Work instructions
Each record must be written out again exactly. Skip any picture it contains.

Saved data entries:

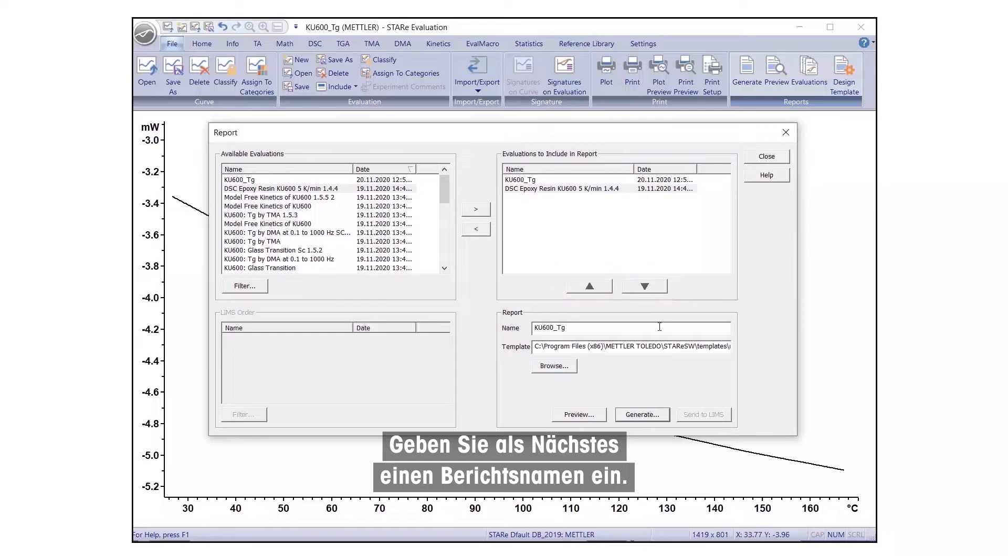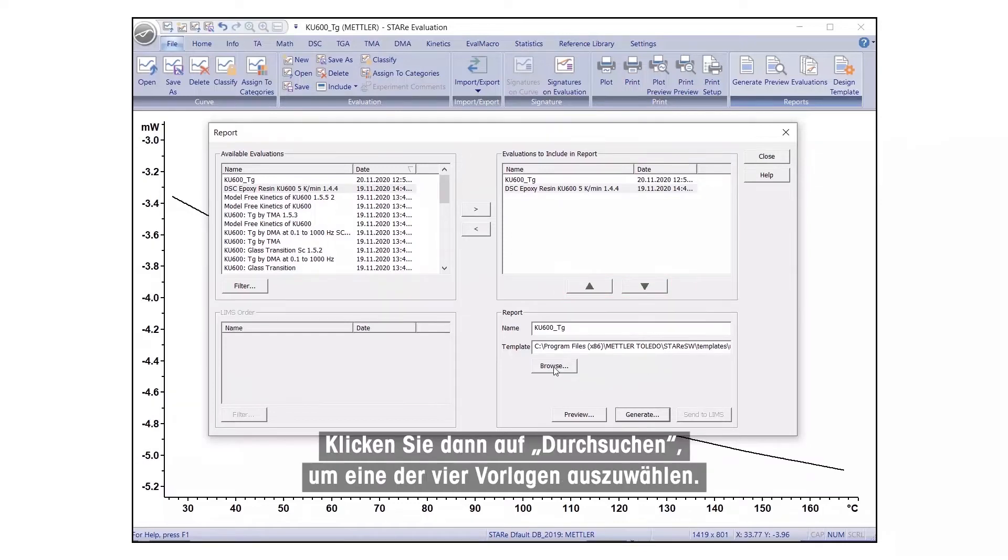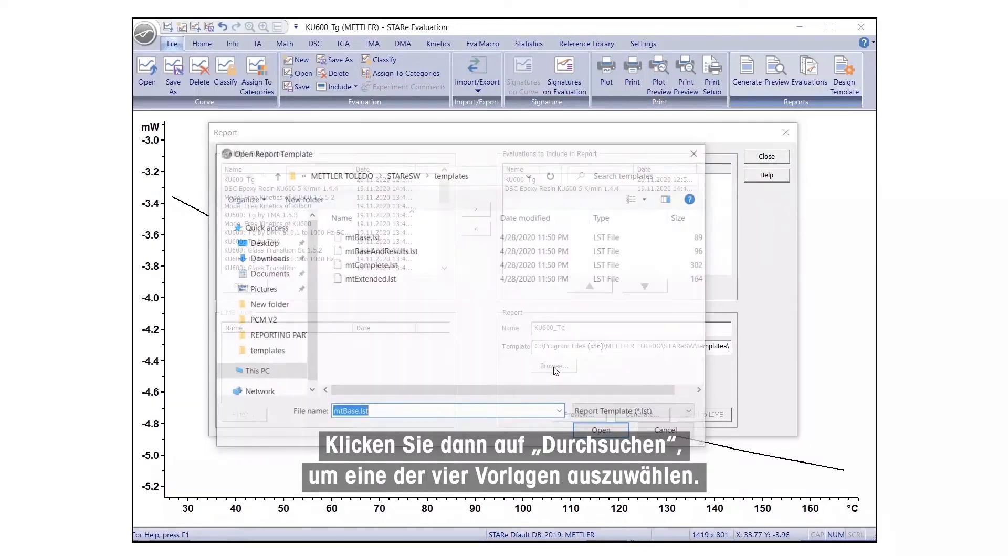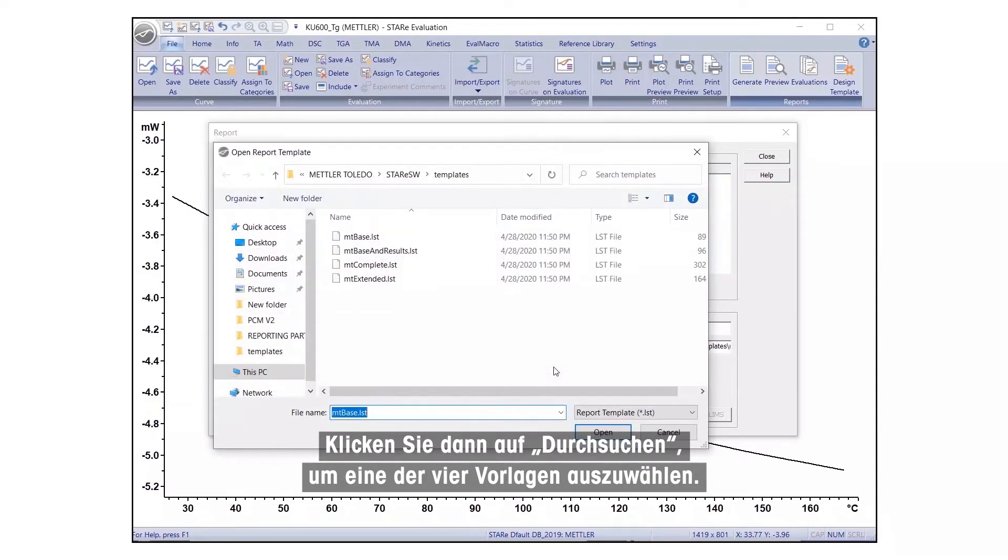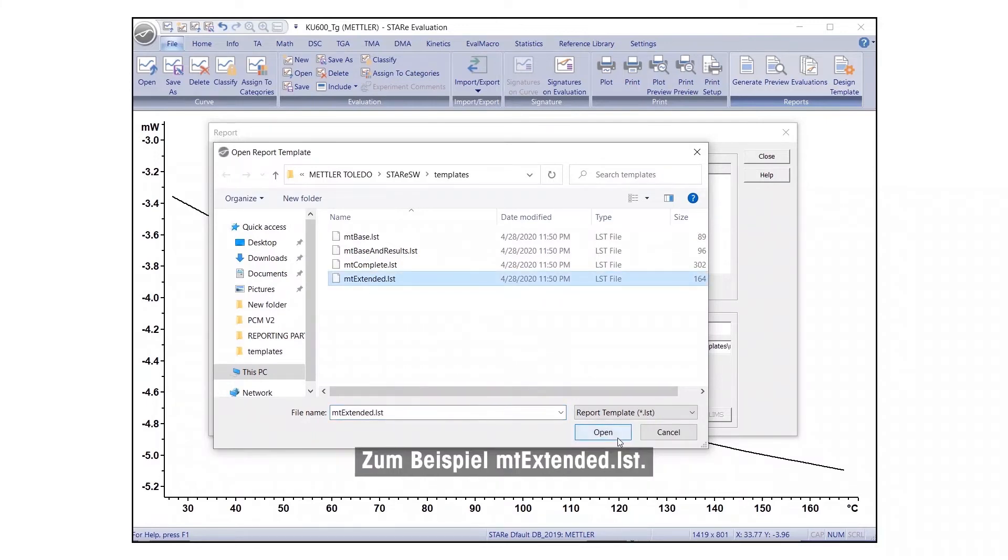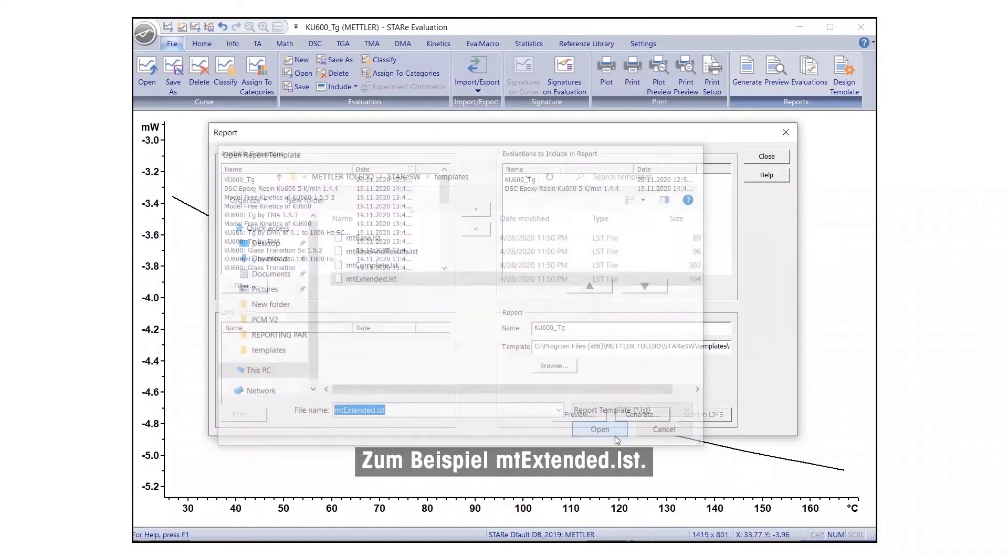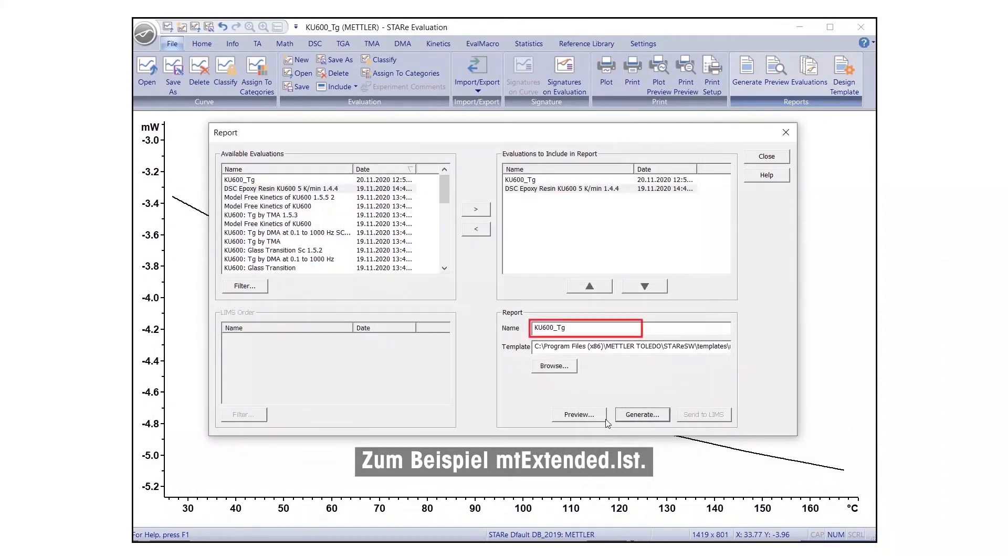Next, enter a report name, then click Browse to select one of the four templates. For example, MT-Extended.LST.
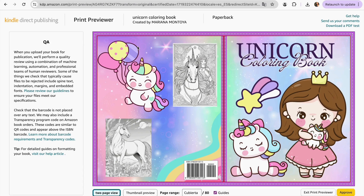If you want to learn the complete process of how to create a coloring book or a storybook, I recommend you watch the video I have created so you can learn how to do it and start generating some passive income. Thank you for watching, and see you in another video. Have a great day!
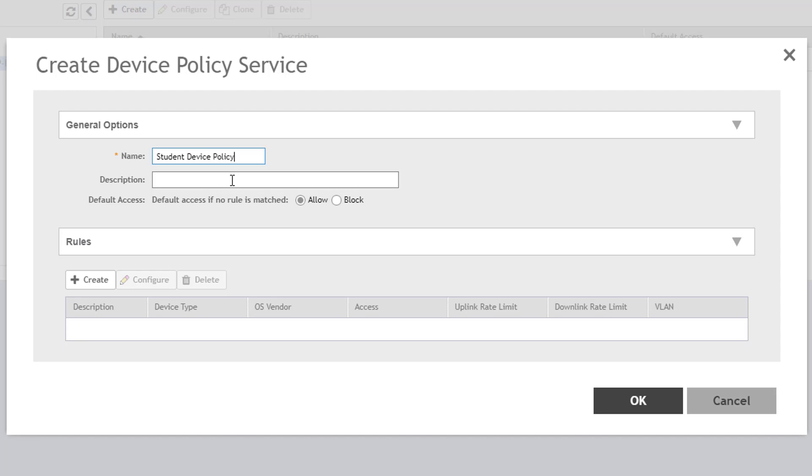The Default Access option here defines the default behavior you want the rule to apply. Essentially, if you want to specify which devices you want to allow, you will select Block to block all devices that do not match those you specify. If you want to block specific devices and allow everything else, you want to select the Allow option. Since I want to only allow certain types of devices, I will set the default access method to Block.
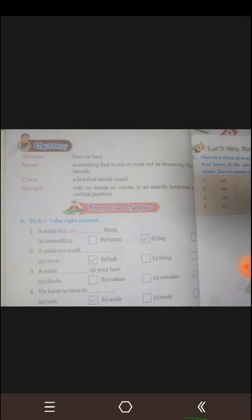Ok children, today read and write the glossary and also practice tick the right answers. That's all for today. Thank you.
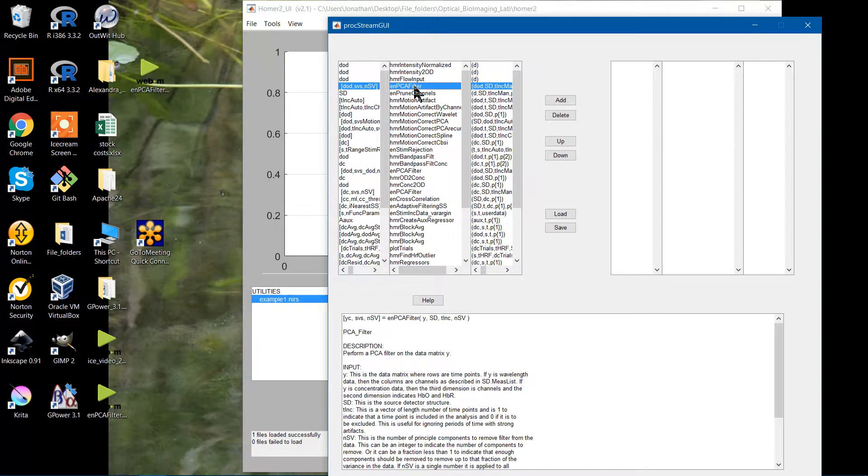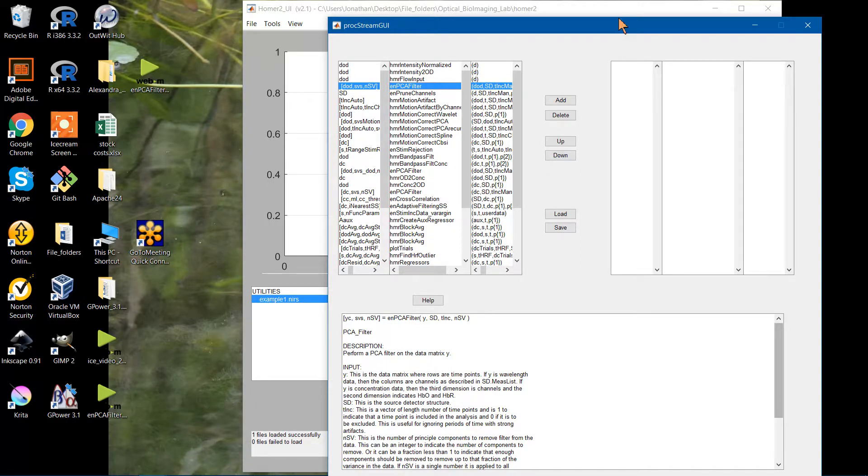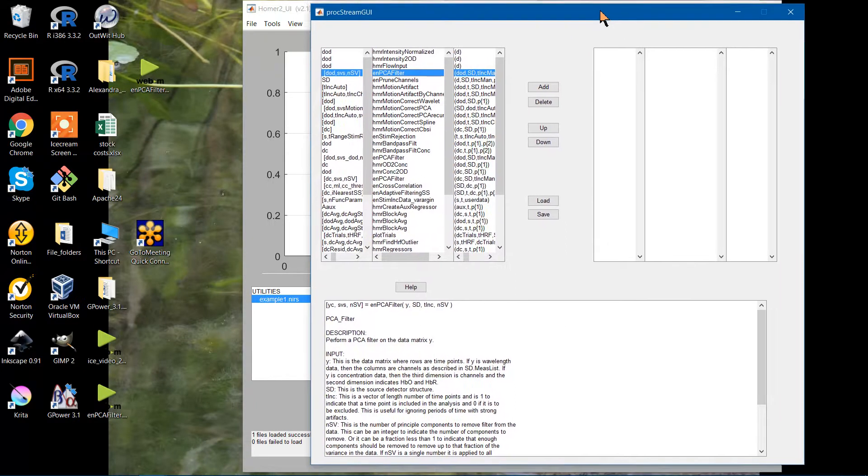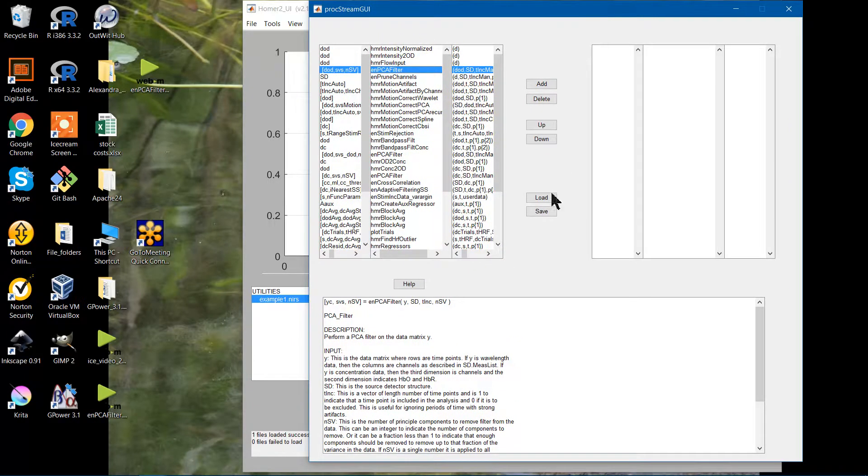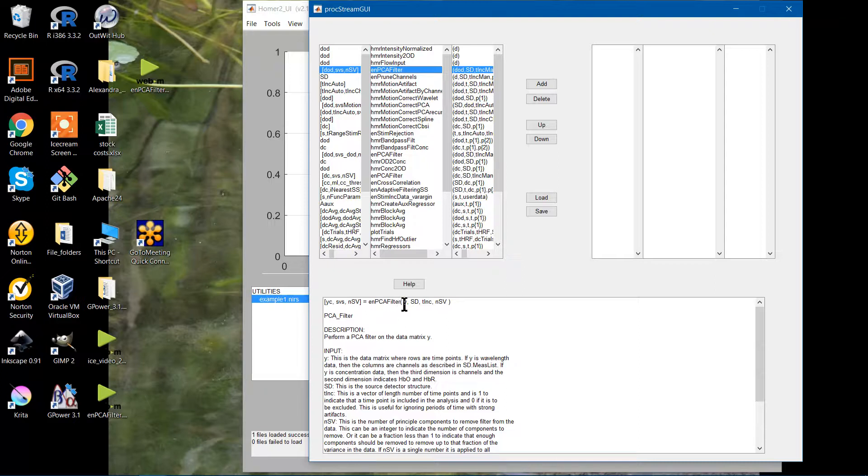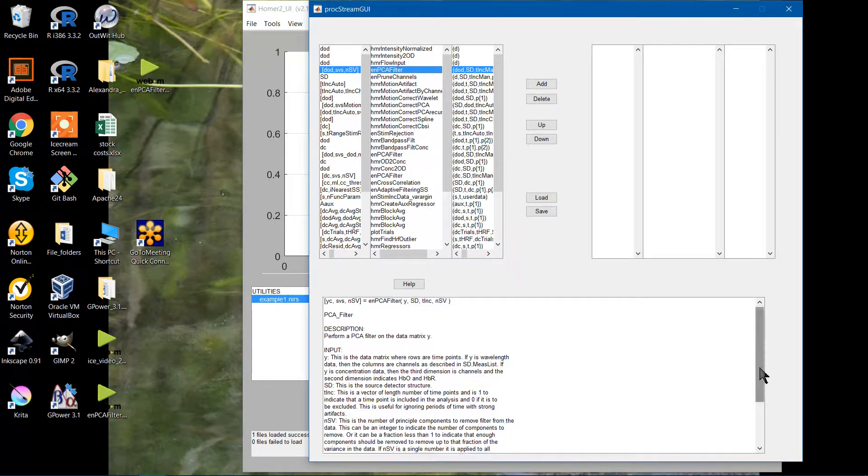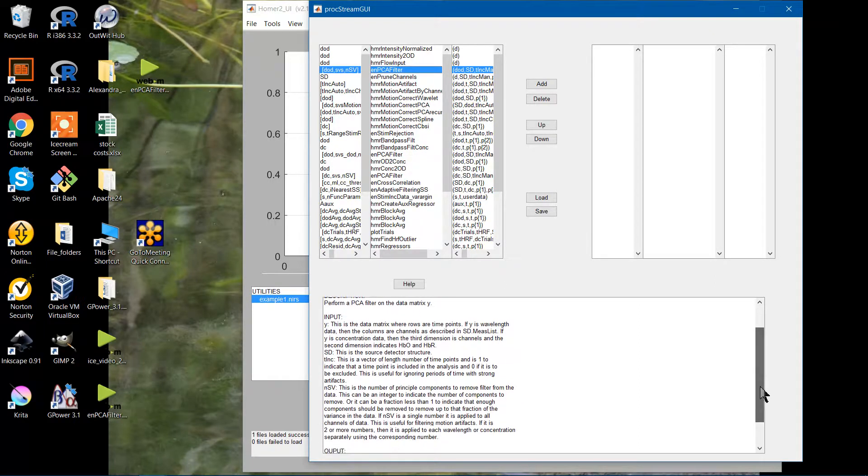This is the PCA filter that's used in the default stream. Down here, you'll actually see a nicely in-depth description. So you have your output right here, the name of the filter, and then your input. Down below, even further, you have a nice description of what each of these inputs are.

Written solution
Next, enter a report name, then click Browse to select one of the four templates. For example, MT-Extended.LST.
If you want to learn the complete process of how to create a coloring book or a storybook, I recommend you watch the video I have created so you can learn how to do it and start generating some passive income. Thank you for watching, and see you in another video. Have a great day!
The Default Access option here defines the default behavior you want the rule to apply. Essentially, if you want to specify which devices you want to allow, you will select Block to block all devices that do not match those you specify. If you want to block specific devices and allow everything else, you want to select the Allow option. Since I want to only allow certain types of devices, I will set the default access method to Block.
Ok children, today read and write the glossary and also practice tick the right answers. That's all for today. Thank you.
This is the PCA filter that's used in the default stream. Down here, you'll actually see a nicely in-depth description. So you have your output right here, the name of the filter, and then your input. Down below, even further, you have a nice description of what each of these inputs are.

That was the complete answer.